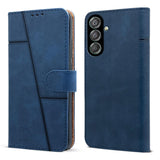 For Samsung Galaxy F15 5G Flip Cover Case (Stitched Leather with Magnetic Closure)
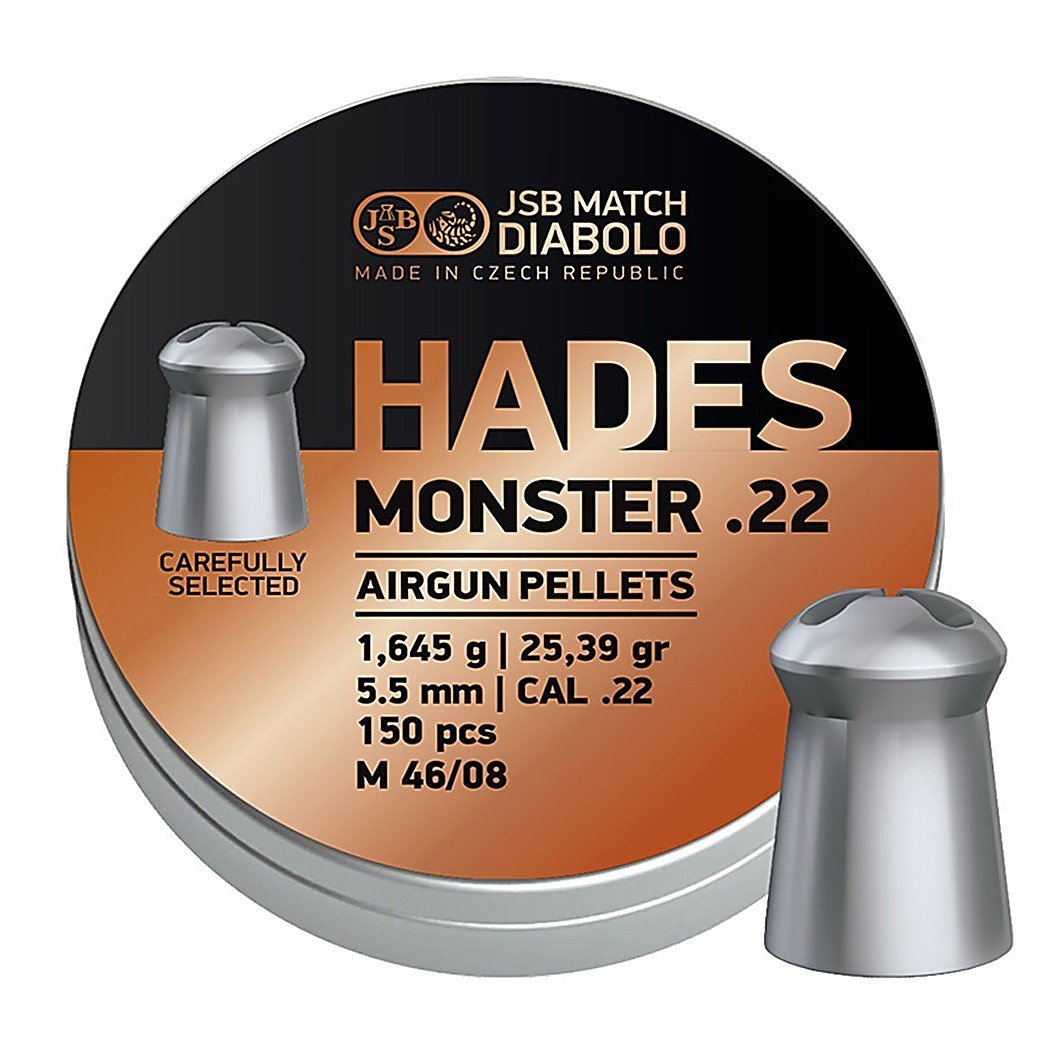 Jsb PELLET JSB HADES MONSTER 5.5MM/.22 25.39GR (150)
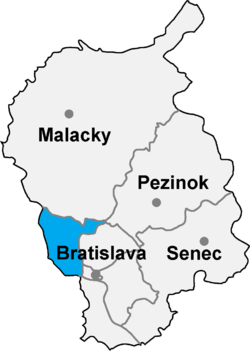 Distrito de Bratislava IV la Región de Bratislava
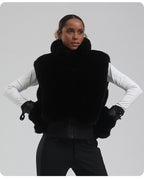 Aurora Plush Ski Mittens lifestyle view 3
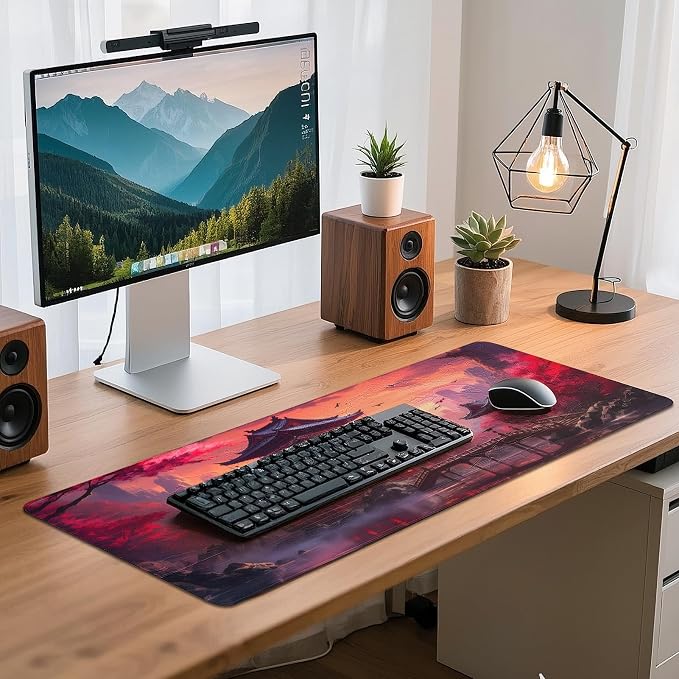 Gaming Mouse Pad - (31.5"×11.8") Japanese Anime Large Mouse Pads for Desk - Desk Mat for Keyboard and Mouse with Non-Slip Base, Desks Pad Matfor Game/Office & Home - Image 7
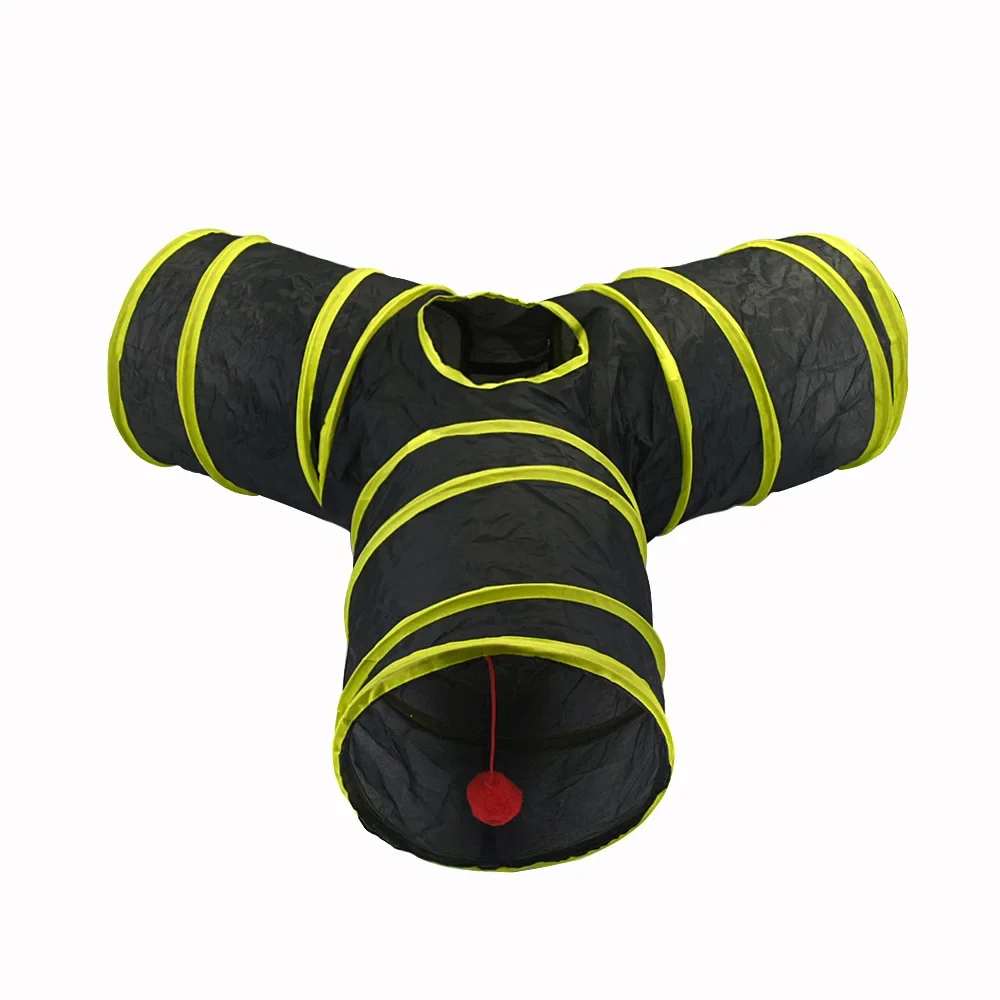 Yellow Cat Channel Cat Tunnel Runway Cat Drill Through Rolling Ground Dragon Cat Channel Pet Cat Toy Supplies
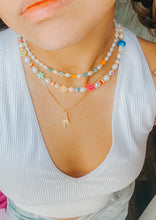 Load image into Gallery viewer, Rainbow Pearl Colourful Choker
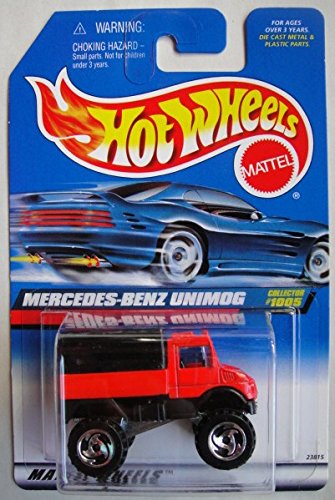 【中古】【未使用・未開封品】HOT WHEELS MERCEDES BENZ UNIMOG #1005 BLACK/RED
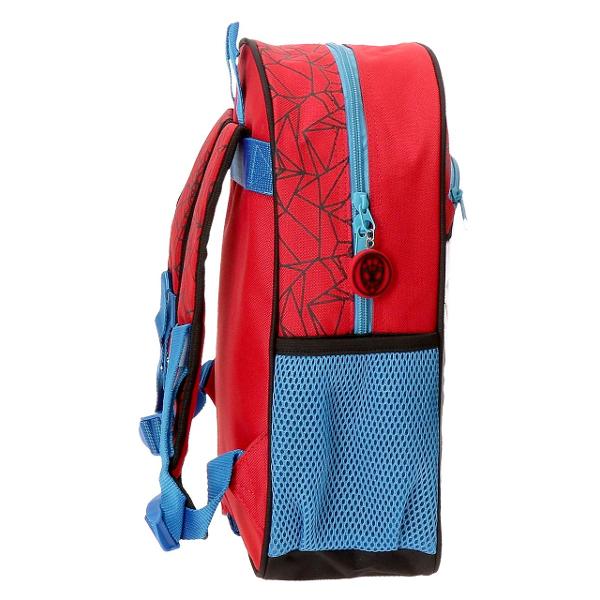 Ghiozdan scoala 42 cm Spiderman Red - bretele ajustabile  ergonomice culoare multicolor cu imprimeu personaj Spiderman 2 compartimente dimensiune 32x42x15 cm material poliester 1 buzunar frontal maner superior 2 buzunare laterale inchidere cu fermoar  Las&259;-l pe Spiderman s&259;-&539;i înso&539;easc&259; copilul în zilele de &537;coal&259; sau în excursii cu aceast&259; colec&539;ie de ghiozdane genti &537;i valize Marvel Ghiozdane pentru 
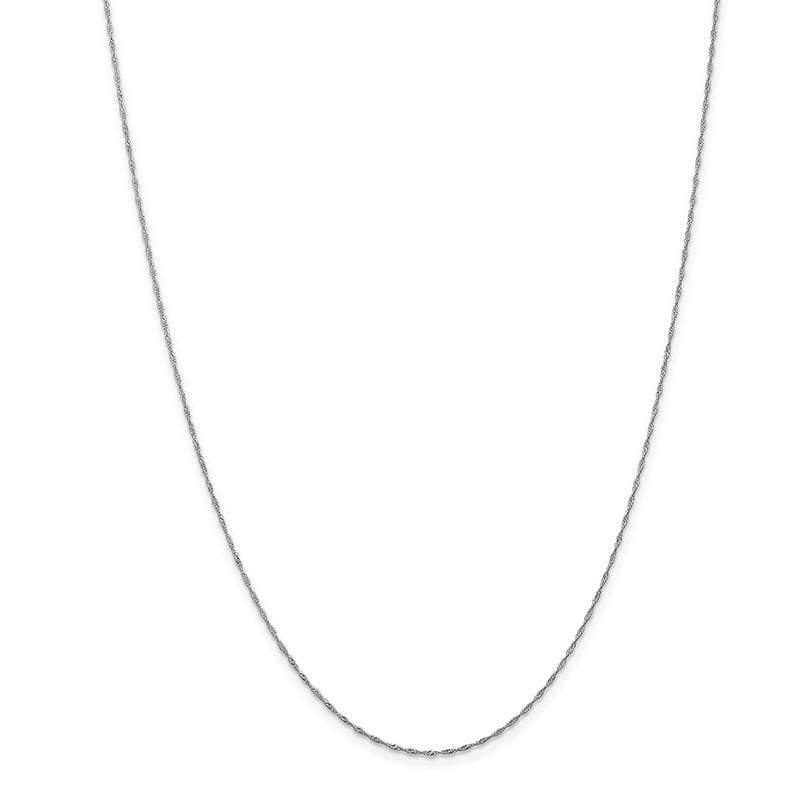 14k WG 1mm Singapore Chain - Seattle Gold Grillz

* * *

■ EXERCISE DIRECTIONS:
In the entries above, find the line containing "Ghiozdan scoala 42". Transcribe it and every later line to the end, exactly, and leave out the pictures.

■ TASK OUTPUT:
 Ghiozdan scoala 42 cm Spiderman Red - bretele ajustabile  ergonomice culoare multicolor cu imprimeu personaj Spiderman 2 compartimente dimensiune 32x42x15 cm material poliester 1 buzunar frontal maner superior 2 buzunare laterale inchidere cu fermoar  Las&259;-l pe Spiderman s&259;-&539;i înso&539;easc&259; copilul în zilele de &537;coal&259; sau în excursii cu aceast&259; colec&539;ie de ghiozdane genti &537;i valize Marvel Ghiozdane pentru 
 14k WG 1mm Singapore Chain - Seattle Gold Grillz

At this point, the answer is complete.